### WHAT YOU HAVE TO DO
Please, without any pictures, set down exactly the part of the listing below that opens with the line containing "Red-Cockaded Woodpecker Picoides" and closes with the line containing "Dreck Alassio Hotel and Thalasso".

### DATA TO EXAMINE
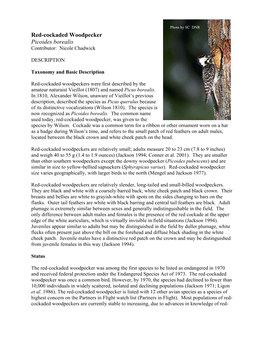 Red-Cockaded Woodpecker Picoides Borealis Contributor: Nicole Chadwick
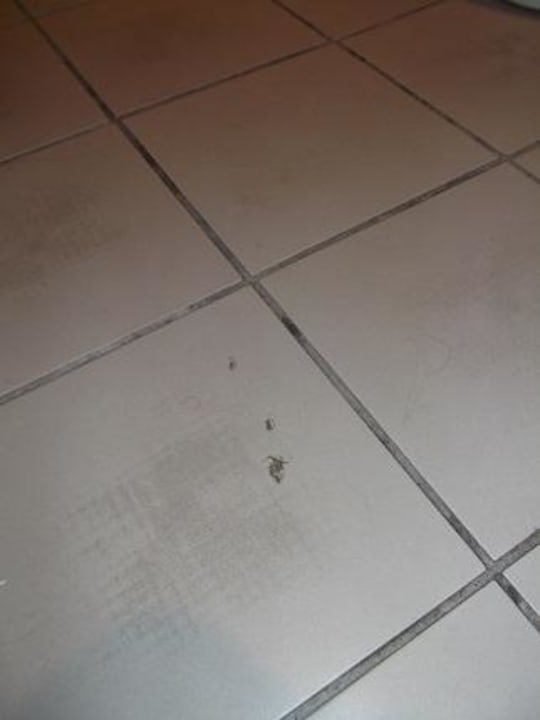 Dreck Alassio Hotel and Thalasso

* * *

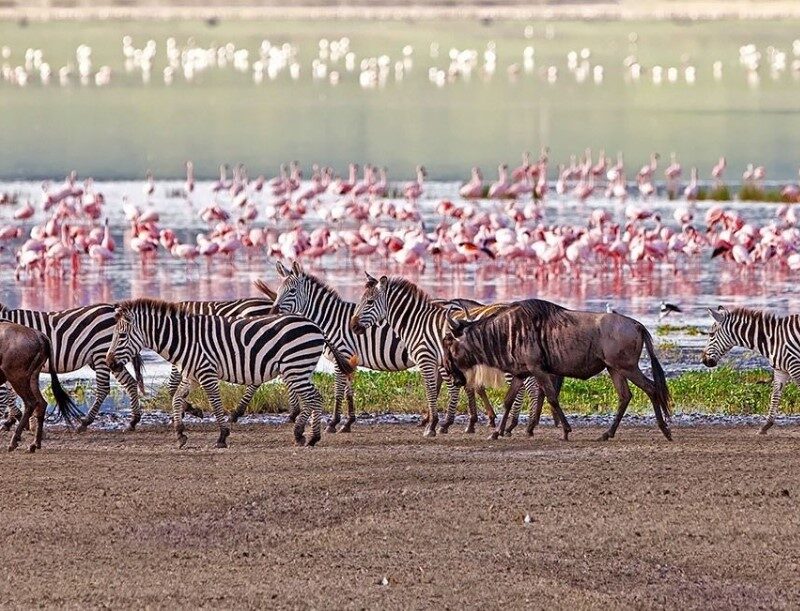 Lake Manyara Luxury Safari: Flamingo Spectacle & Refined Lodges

---

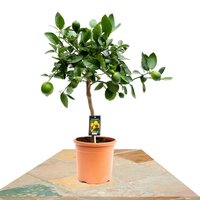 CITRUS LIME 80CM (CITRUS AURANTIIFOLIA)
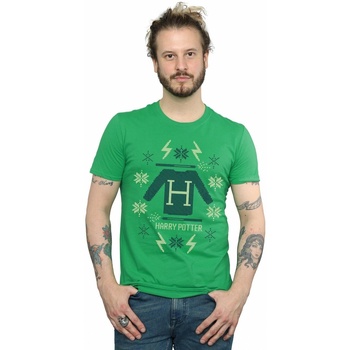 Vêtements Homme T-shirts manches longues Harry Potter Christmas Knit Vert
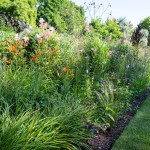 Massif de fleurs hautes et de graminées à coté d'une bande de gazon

### ANSWER BELOW
 Red-Cockaded Woodpecker Picoides Borealis Contributor: Nicole Chadwick
 Dreck Alassio Hotel and Thalasso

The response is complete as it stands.